Question

3x^1/2-8x^1/4-3=0 Can you show me how to solve?

Answer 1

take x^(1/4)=y

Answer 2

solve the quadratic in y.

Answer 3

You are to set up as a substitution problem and solve.

Answer 4

yes. solve 3y^2-8y-3=0. lastly substitute x^(1/4) for y.

Answer 5

I came up with a substituion of u2-8u-3=0 and came up with 4+-square root 19 but I am not understanding how to substitute the original u=x1/4 and come up with the right answer

Answer 6

its not u^2-8u-3=0 but 3u^2-8u-3=0.
if u came with something like u=4+sqrt(19). then x=u^4=(4+sqrt(19))^4. Thats it. :)

Answer 7

Not exactly. You have to substitute back in the x 1/4 for the u. That is where I am stuck and not coming up with the correct answer.

Answer 8

explain where you are stuck.

Answer 9

I solved the quadratics and got u=3,-1/3. then x=3^4=81 or x=(-1/3)^4=1/81.

Answer 10

But x=1/81 does not satisfy the orginal eqn . so our ans is 81

Answer 11

ok. on the original problem I made u=x1/4.
At this point the equation should have been 3u^2-8u-3=0. I missed that, you were correct. At that point I plugged it in the quadratic equation. Bottom line I am coming up with 9, 1. So my substituion back should be x1/4=9 and x1/4=1. How do you solve these?

Answer 12

why? x=9^4 or x=1 with ur values.

Answer 13

it is x 1/4 = 9, x 1/4 =1

Answer 14

what is x1/4? Isnt it x^(1/4)?

Answer 15

Im sorry it is x^1/4 =9 and x^1/4 =1

Answer 16

let u=x^1/4 so that u^2 =x^1/2
3u^2 - 8u -3=0
using the quadratic formula
u= [-b+ sqrt(b^2-4ac)]/2a

Answer 17

so where are u getting the problem? Raise both sides of the equality (x^1/4=9) to power 4. and u get x=9^4.
Is this ur problem?

Answer 18

Yep Mark. That's what I did.

Answer 19

Suabhik, yes. that is my problem.

Answer 20

is it x = 6561 and x=1?

Answer 21

yups bastax.

Answer 22

Well alrighty then. Just talking it through really helped. Thanks saubhik!

Answer 23

hope u r clear with it. :)

Answer 24

i better be. I have a test in an hour!

Answer 25

best of luck!

Answer 26

ok u= [-(-8)+ sqrt((-8)^2-4(3)(-3))]/2*3
u=[8+ sqrt(64+36)]/6
u={8+sqrt(100)/9
u= [8+10]/6
u= 18/6 =3
also the other u is -1/3

Answer 27

Back again on this same question. Book says answer should be 81 and the extraneous is 1/81. How did they get there?

Answer 28

u=x^1/4 =3
x=(3)^4=81

Answer 29

u=(-1/3)^4= 1/81

Answer 30

hope u get the procedure of getting it

Answer 31

and then by using the quadratic formula

Answer 32

I got down to x^1/4=9 and x^1/4 =1. Was this correct?

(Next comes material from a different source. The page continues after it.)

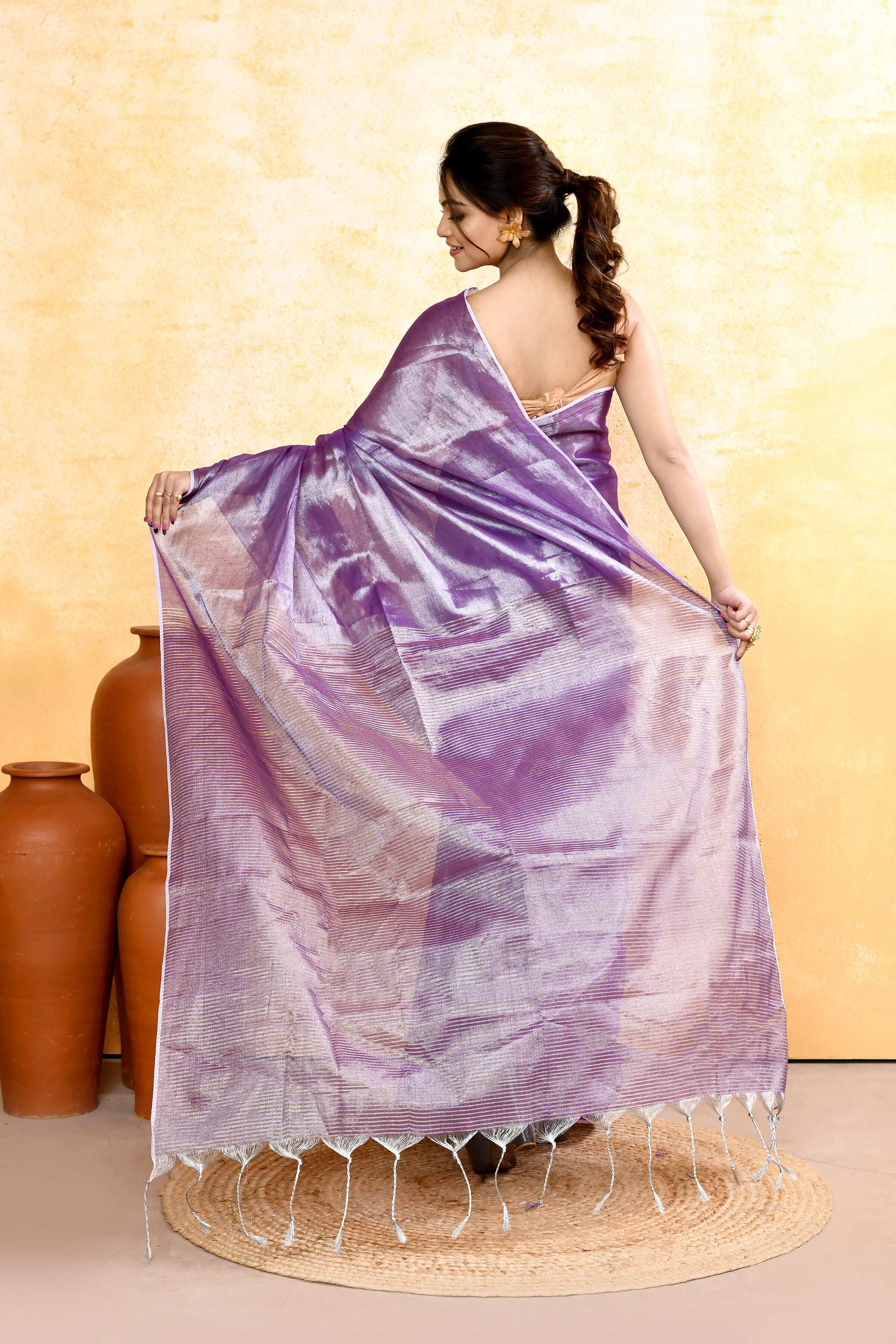 Piyari Fashion Women's Lavender Dual Tone Organic Tissue Saree With Blouse Piece - Distacart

Then how did you come up with the 81, 1/81?

Answer 33

No this is not correct. Please check ur equation.

Answer 34

read the one i wrote on the top one and the second part

Answer 35

let u=x^1/4 so that u^2 =x^1/2
3u^2 - 8u -3=0 using the quadratic formula
u= [-b+ sqrt(b^2-4ac)]/2a
u= [-(-8)+ sqrt((-8)^2-4(3)(-3))]/2*3
u=[8+ sqrt(64+36)]/6
u={8+sqrt(100)/9
u= [8+10]/6 u= 18/6 =3
also the other u is -1/3

Answer 36

ok. I can see how you got the 3, -1/3. I had made a mistake earlier in the problem.

Answer 37

u=x^1/4 =3
x=(3)^4=81
u=(-1/3)^4= 1/81

Answer 38

ok good luck

Answer 39

Got it!!!! Thank you so much Mark!

Answer 40

ok welcome,,,,, saubnik also got it in his answer...

Answer 41

ok thnx....good luck with our exam

Answer 42

your exam lol

Answer 43

Yep. I saw you both had it! Thanks again!